== What you have to do ==
Your output should be everything below from the line containing "Apartamento, 1 quarto, 44 m² - Foto 1" down to the line containing "ANJO PISO. BLINDADO", both ends included, copied exactly, with pictures left out.

== Given data ==
* * * * *

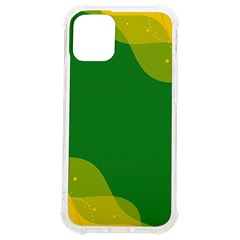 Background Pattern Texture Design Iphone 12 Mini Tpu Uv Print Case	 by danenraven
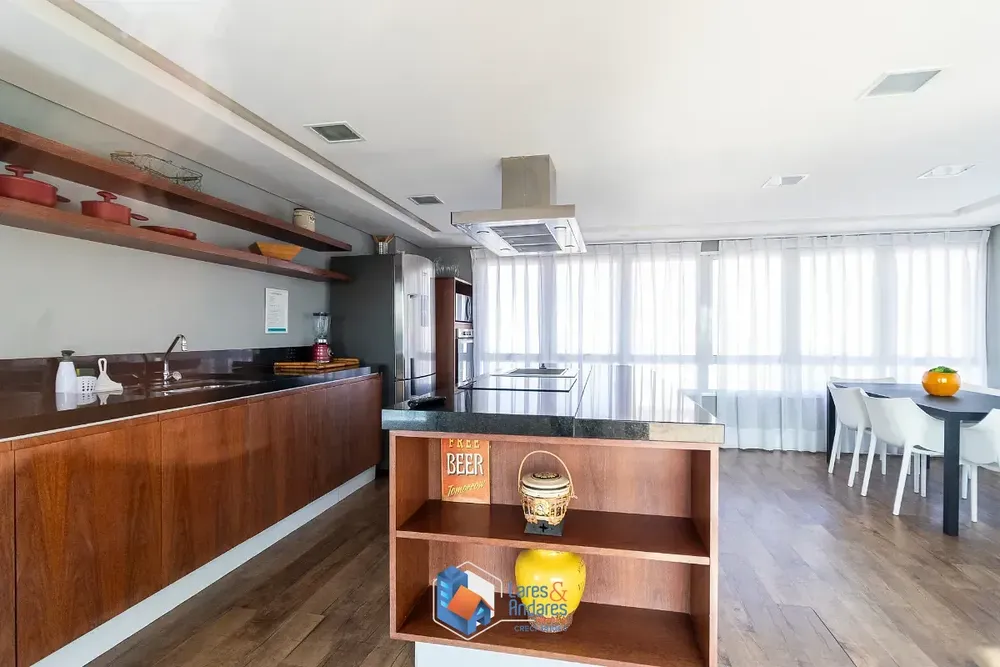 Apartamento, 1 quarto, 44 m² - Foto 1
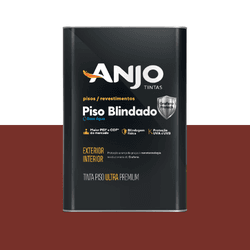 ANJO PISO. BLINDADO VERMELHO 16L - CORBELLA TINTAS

* * * * *

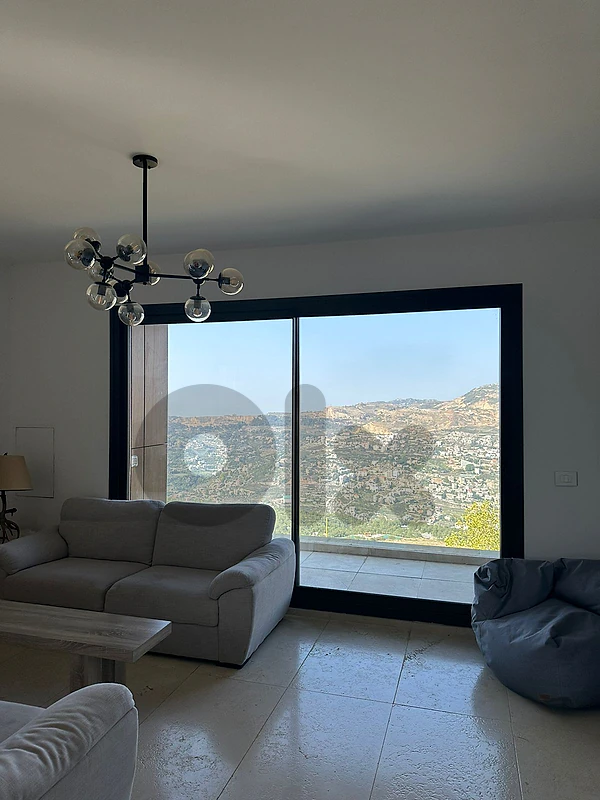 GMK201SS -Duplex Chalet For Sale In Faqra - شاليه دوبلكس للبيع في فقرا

* * * * *

== Answer box ==
 Apartamento, 1 quarto, 44 m² - Foto 1
 ANJO PISO. BLINDADO VERMELHO 16L - CORBELLA TINTAS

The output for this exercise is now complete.